Lavoro in mensa - Guida completa: ruoli, stipendi e come candidarsi

Mirco Lombardi .

17 giugno 2026

Addetto mensa: cosa fa, stipendio e come diventarlo. Un'illustrazione di una persona in divisa da cuoco, con testo che indica opportunità di lavoro nel settore.
Le mense che cercano personale oggi non offrono soltanto un posto in cucina: cercano persone affidabili, rapide e ordinate, capaci di reggere ritmi concentrati e di lavorare bene con il pubblico. In questo articolo spiego quali ruoli si aprono più spesso, quali requisiti pesano davvero in selezione, quanto si guadagna nel 2026 e come candidarsi in modo più efficace.

Ecco cosa conta davvero prima di candidarti

  • Le figure più richieste sono addetto mensa, aiuto cuoco, lavapiatti e, in alcuni casi, cuoco di servizio.
  • Le strutture che assumono più spesso sono mense scolastiche, aziendali, ospedaliere e universitarie.
  • L’attestato HACCP non è sempre obbligatorio, ma nelle offerte aiuta molto e spesso viene esplicitamente richiesto.
  • Nel 2026 sono frequenti contratti part-time, determinati o in somministrazione, con turni concentrati su pranzo o cena.
  • Le retribuzioni variano molto in base a ore, appalto e livello di inquadramento: leggere il CCNL è più utile che fermarsi alla sola paga oraria.
  • Un CV breve ma chiaro, con disponibilità, zona e esperienza pratica, spesso funziona meglio di un profilo generico.

Che cosa fanno davvero le mense quando aprono una selezione

Quando analizzo questo tipo di annunci, la prima cosa da chiarire è che non si tratta quasi mai di un solo profilo standard. Nella ristorazione collettiva le mansioni cambiano a seconda della struttura: in una mensa scolastica il servizio è più concentrato, in una mensa ospedaliera pesano di più precisione, distribuzione dei vassoi e rispetto delle diete, mentre in una mensa aziendale conta molto la rapidità nella fascia pranzo.

Randstad descrive l’addetto mensa come una figura che lavora in mense scolastiche, aziendali, ospedaliere e universitarie, occupandosi di preparazione, servizio, allestimento e pulizia finale. Io direi che il vero discrimine è questo: alcune aziende cercano una figura molto operativa, altre vogliono una persona capace di gestire anche sala, scorte e piccoli passaggi di organizzazione.

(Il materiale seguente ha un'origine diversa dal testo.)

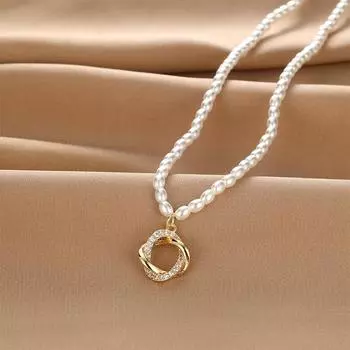 Light Luxury Freshwater Pearl Necklace Women S Design Simple And Versatile Interlocking Pendant Collarbone Chain Accessories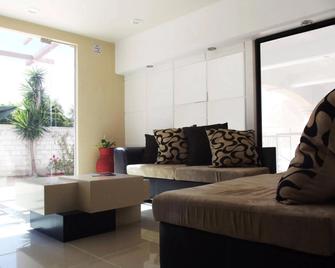 Hotel Cancalli Business & Suites - Tlaxcala - Living room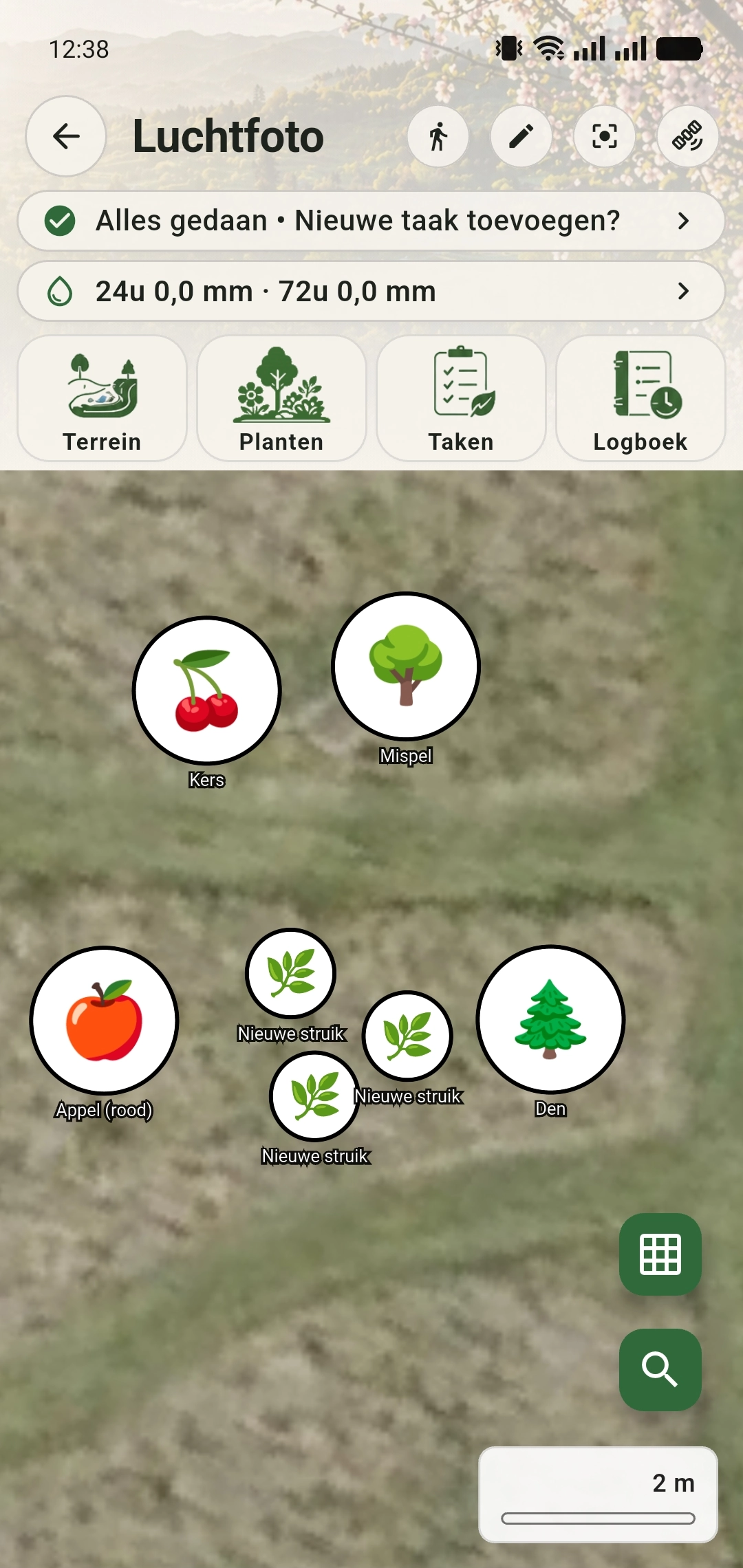 Luchtfoto met kers, mispel, rode appel, struiken en den; er is nog geen plant geselecteerd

Ruolo Cosa fa Quando è richiesto
Addetto mensa Allestisce la linea, porziona i piatti, supporta il servizio e riordina a fine turno Quando serve una presenza flessibile e veloce nella distribuzione
Aiuto cuoco Supporta la cucina, prepara semilavorati e rifinisce i piatti Quando il servizio richiede una base di cucina più solida
Lavapiatti e riordino Gestisce stoviglie, pulizia, sanificazione e supporto al flusso del servizio Quando il volume di utenti è alto e il ritmo è continuo
Responsabile servizio mensa Coordina turni, forniture, qualità e rispetto delle procedure Quando la struttura è grande o l’appalto richiede più controllo

Capire il ruolo aiuta a non candidarsi alla cieca; il passo successivo è capire dove queste selezioni si aprono più spesso.

Cuoca sorridente prepara vassoi in una mensa che cerca personale.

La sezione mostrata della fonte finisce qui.